How event storming works

  1. Describe your domain — "I run a physiotherapy clinic with four practitioners. We treat sports injuries and do post-surgical rehab."
  2. Review proposals — AI proposes 2-7 custom aggregate types (e.g. Practitioner, Treatment, Condition) with traits and field definitions
  3. Accept, edit, or reject — each proposal individually
  4. Immediately available — accepted types are queryable, creatable, and enriched by agents across all surfaces (MCP, CLI, SDK, API, dashboard)

Event storming is available after signup (onboarding), and can be re-run at any time from settings or via LeftFold storming start in the CLI. No migration needed — the fold-based query engine handles new types instantly.

Programmatic registration

You can also register aggregate types directly via the MCP tool or API:

// Via MCP tool: aggregate.define
{
  "type_name": "treatment",
  "display_name": "Treatment",
  "plural_name": "Treatments",
  "traits": ["content-bearing", "publishable"],
  "fields": [
    { "name": "name", "type": "string", "required": true },
    { "name": "description", "type": "text" },
    { "name": "duration_minutes", "type": "number" }
  ]
}

Knowledge Graph

Every aggregate automatically becomes a node in the workspace's knowledge graph. When content mentions entities — people, places, organizations — edges are created between them.

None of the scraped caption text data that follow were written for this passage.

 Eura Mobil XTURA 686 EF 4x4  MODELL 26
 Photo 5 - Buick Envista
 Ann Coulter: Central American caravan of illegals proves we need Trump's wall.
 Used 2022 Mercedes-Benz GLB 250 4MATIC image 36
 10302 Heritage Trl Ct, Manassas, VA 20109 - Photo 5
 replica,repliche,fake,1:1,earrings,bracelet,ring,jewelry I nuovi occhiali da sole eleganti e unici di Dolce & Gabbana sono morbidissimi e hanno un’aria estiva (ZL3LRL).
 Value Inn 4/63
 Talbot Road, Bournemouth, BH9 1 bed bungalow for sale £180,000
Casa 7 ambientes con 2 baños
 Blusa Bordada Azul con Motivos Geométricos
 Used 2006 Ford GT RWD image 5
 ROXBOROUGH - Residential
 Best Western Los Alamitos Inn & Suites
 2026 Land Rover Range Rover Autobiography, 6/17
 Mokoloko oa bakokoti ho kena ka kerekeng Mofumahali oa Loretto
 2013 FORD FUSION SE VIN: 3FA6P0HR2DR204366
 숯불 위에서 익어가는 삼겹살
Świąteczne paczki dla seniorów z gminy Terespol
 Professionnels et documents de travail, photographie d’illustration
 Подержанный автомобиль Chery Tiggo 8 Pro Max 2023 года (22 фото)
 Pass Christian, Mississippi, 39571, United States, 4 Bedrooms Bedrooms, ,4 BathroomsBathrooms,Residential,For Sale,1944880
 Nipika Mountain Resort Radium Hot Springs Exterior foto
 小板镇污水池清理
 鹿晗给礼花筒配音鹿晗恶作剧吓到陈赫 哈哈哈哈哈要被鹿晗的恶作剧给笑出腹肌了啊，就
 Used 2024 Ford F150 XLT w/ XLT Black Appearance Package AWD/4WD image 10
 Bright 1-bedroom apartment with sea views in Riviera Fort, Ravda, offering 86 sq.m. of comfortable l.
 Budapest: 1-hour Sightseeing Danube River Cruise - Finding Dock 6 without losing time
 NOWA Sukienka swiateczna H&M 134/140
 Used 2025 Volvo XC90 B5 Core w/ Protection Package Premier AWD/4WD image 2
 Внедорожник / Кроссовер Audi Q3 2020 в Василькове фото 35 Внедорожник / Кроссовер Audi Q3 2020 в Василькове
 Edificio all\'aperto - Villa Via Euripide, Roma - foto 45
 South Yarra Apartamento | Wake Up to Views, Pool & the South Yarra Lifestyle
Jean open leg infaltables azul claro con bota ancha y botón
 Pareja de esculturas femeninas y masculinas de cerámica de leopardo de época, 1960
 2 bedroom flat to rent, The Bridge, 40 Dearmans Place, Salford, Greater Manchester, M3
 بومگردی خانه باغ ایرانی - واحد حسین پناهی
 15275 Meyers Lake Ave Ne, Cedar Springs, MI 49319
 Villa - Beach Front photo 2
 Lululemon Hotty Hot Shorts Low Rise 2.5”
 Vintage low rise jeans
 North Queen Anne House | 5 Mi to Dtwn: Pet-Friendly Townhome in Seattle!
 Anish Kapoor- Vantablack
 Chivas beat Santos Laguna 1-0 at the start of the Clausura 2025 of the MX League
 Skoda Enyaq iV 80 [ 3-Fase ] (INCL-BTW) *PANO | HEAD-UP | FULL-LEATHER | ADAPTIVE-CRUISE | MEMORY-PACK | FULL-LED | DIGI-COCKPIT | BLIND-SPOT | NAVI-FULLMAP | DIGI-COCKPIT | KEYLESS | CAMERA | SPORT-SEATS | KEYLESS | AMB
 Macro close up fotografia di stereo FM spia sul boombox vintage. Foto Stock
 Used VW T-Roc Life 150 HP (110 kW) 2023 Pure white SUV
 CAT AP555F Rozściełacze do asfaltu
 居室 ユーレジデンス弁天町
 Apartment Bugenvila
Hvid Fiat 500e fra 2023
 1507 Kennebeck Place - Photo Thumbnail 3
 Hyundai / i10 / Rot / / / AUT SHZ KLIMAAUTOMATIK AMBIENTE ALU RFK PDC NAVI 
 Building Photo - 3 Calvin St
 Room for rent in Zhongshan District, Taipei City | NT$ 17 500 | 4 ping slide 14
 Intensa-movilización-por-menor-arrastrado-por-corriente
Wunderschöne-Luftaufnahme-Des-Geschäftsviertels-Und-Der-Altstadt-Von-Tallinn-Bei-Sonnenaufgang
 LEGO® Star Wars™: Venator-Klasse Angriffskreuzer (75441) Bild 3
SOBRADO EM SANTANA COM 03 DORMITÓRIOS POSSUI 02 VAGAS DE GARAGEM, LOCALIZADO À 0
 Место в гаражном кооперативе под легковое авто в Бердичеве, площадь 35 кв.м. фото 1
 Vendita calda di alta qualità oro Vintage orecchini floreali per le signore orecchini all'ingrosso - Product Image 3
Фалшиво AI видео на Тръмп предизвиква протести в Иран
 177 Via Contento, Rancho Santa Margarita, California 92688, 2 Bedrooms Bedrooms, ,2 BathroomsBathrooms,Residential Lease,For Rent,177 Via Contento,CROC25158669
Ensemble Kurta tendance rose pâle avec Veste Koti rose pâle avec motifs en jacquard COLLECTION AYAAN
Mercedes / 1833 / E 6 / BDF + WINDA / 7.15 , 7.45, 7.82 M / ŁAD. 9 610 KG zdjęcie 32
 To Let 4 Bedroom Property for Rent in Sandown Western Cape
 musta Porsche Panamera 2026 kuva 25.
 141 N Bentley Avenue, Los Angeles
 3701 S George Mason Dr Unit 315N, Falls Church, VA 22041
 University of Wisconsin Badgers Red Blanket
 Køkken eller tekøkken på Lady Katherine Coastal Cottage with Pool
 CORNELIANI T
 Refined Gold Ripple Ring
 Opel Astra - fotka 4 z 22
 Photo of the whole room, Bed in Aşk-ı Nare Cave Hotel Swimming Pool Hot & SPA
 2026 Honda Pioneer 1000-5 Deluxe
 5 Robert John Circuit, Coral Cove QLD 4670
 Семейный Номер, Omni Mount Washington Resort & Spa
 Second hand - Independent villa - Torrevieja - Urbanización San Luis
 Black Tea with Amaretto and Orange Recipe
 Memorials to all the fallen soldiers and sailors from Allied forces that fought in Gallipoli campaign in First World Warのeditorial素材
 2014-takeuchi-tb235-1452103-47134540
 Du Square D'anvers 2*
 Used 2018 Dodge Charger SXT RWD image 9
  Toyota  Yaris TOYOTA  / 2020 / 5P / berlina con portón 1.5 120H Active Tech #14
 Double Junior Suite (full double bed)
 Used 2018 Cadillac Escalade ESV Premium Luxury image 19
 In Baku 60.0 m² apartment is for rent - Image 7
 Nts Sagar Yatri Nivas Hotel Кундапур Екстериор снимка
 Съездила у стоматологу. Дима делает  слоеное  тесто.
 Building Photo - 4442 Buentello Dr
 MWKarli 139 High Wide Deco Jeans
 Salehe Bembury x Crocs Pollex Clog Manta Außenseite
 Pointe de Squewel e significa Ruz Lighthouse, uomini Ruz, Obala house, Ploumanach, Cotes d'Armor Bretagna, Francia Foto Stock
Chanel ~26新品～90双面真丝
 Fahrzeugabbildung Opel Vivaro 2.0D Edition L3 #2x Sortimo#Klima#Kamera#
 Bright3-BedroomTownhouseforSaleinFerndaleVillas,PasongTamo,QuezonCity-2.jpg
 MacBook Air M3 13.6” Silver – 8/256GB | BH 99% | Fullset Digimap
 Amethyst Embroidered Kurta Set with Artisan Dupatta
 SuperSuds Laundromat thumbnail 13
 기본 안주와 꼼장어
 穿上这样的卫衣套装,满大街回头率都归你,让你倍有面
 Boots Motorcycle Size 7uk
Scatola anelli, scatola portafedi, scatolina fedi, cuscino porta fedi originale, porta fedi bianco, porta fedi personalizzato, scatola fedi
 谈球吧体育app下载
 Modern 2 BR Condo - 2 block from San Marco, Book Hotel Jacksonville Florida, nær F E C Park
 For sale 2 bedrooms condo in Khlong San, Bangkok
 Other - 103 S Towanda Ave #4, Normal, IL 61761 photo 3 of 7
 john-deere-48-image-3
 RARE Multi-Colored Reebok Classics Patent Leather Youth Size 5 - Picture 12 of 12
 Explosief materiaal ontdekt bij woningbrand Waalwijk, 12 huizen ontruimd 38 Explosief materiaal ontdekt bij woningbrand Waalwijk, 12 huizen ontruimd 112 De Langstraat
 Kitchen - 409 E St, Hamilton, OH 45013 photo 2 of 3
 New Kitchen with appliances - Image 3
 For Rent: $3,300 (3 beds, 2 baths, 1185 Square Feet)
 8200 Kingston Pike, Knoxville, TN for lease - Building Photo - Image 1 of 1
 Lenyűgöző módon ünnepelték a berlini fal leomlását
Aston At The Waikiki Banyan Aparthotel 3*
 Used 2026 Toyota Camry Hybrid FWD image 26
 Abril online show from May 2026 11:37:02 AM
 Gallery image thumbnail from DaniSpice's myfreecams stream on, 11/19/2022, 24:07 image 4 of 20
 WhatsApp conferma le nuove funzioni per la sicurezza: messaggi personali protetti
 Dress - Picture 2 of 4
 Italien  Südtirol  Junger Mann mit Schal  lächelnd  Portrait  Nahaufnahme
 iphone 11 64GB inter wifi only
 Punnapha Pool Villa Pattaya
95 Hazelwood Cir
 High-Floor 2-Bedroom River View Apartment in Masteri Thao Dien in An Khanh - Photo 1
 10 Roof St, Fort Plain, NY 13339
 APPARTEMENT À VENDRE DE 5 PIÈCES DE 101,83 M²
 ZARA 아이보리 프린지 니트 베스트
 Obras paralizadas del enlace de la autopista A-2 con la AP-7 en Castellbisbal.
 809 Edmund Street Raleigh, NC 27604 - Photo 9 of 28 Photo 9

  • Nodes — one per aggregate instance, with traits and a semantic embedding (1536-dimensional vector)
  • Edges — created from .mentioned events, reference fields, and explicit relationships
  • Semantic search — query the graph by meaning, not just keywords, via pgvector

The entity extractor agent automatically creates mention edges when it finds people, places, or organizations in content. You can also create explicit relationships via the aggregate.relate MCP tool.